JW: The new restrictive laws put physicians into a difficult, often impossible spot. Dr. Perron-Burdick explained that Idaho laws force her to delay life-saving decisions for mothers. Patients often hold that against her.

MPB: And I have had at least one patient, I’ve had a couple of patients actually, walk away feeling like … the patients experience delays of care, so oftentimes we have to wait until there’s no cardiac motion to actually treat these life threatening conditions.

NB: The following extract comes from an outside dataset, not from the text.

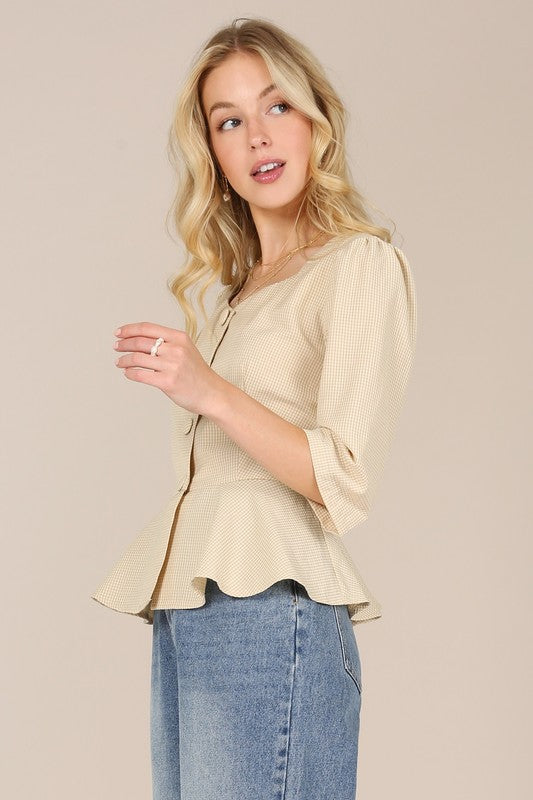 Women's 3/4 Sleeve front button blouse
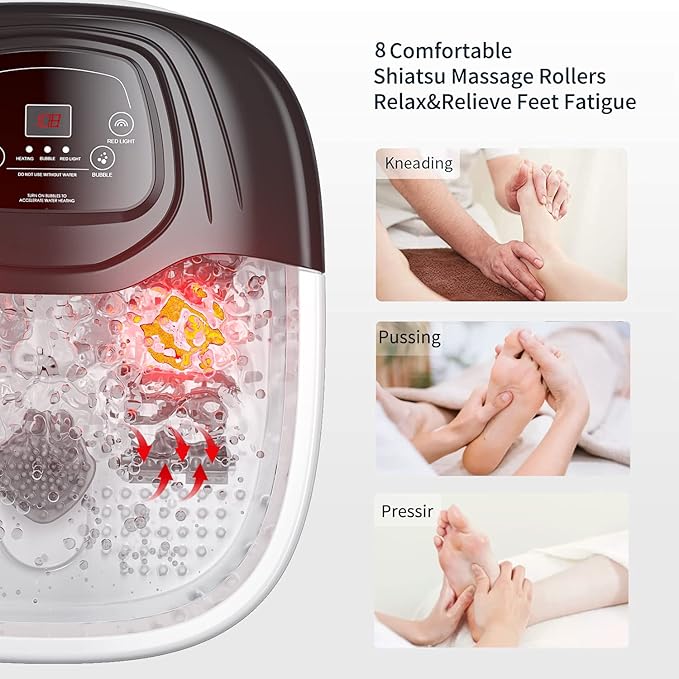 Foot Spa Bath Massager with Heat, Epsom Salt,Bubbles, Vibration and Red Light, Tub for Stress Relief,Foot Soaker, Birthday Gifts for Mom Dad Women Men Her Him - Bloomnest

And so patients walk away feeling like they got substandard care, which, to be honest, they did. But they also feel that it’s my fault, and that my decision to follow these laws is motivated by politics, or that I could have decided not to follow the law. So, I think the other misconception I run into is that when these laws result in poor patient care, that it’s actually the physician’s fault.

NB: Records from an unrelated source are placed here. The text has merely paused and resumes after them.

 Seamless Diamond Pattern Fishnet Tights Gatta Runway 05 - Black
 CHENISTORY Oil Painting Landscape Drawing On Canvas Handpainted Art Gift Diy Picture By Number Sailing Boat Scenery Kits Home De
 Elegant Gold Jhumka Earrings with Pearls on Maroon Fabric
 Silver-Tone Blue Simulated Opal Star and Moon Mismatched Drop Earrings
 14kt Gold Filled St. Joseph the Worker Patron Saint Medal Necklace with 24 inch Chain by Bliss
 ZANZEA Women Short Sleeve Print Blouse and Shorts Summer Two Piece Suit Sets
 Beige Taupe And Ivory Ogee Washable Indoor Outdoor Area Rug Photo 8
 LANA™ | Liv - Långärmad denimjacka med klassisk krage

JW: New state laws often put doctors in a position to pick which law to violate. A federal law called EMTALA tells medical institutions that accept Medicaid to treat emergency patients unconditionally. But state laws now often block that when it comes to reproductive health.

MPB: Any hospital or institution that has Medicare funding is required to provide emergency medical care to protect the life of a patient. And in Idaho, initially our complete abortion ban actually said that we couldn’t follow EMTALA that was taken to court. We were able to reinstate EMTALA laws. And so patients are protected under EMTALA laws. If they’re receiving care in an emergency room or on a labor and delivery floor.

And so then, unfortunately, the protection from EMTALA was taken away from us again, and that’s actually coming up in a Supreme Court case of Idaho vs. the Supreme Court. So, basically, it doesn’t matter your ability to pay, who you are, where you come from, what you do if you walk into an emergency room, or a labor and delivery. There is a federal law that says you must receive healthcare.

JW: Dr. Marian Sampson was the other panelist. An OB/GYN provider for Planned Parenthood Southwest and Central Florida, she had her first of three children at age 18 and worked as a teacher before going to medical school. She is based in Naples and Fort Myers.

Dr. Sampson painted a picture of overwork, due to Florida being a destination for women patients from Georgia, Alabama and Louisiana.

Marian Sampson: Because the other states surrounding us have restrictive abortion laws. Where do they come? They come to Florida. So my schedule is completely full, just like she said, with the patients who need the abortion care, but we’re the only ones who can do that.

Dr. Marian Sampson

So we end up packing our schedule as much as possible to try to see all of these patients. And I service two areas, I service the Ft. Myers area and the Naples area. And then we, if need be, will travel off because we’re the affiliate for Southwest and Central Florida. It bleeds over into other things because I have a lot of patients who need to have cervical things taken care of, like precancerous conditions, or they need what’s called a leap procedure.

So they go to see the nurse practitioners, get the pap, if the pap is abnormal, perform a colposcopy and a biopsy. And then if they need a procedure, then we try to get them on the schedule to do that, especially with them being uninsured or underinsured because we’re going to be cheaper than doing it and anywhere else. And this is something that’s time-sensitive. We’re trying to beat it becoming a cervical cancer, but we got to find time on the schedule to do it.

JW: Dr. Sampson was actually prompted into becoming an abortion care provider by the repeal of Roe vs. Wade and new restrictive state laws.

MS: There was something about it that said, “Somebody’s trying to boss somebody around,” and they don’t need to do that. It was like a bell rang; it was like, “Somebody really needs you to help here.” And that’s just where you need to be. I can’t explain it any further than that. So I realized that I had used this resource and never really considered my contribution to that resource and how that could be fostered and help later on because it wasn’t in jeopardy. It wasn’t threatened, and now it is.

JW: Supreme Court ruling notwithstanding, supporters of the Florida constitutional amendment are plowing ahead with a central event in the Orlando area on April 13th.

This has been Johannes Werner, reporting for WSLR News.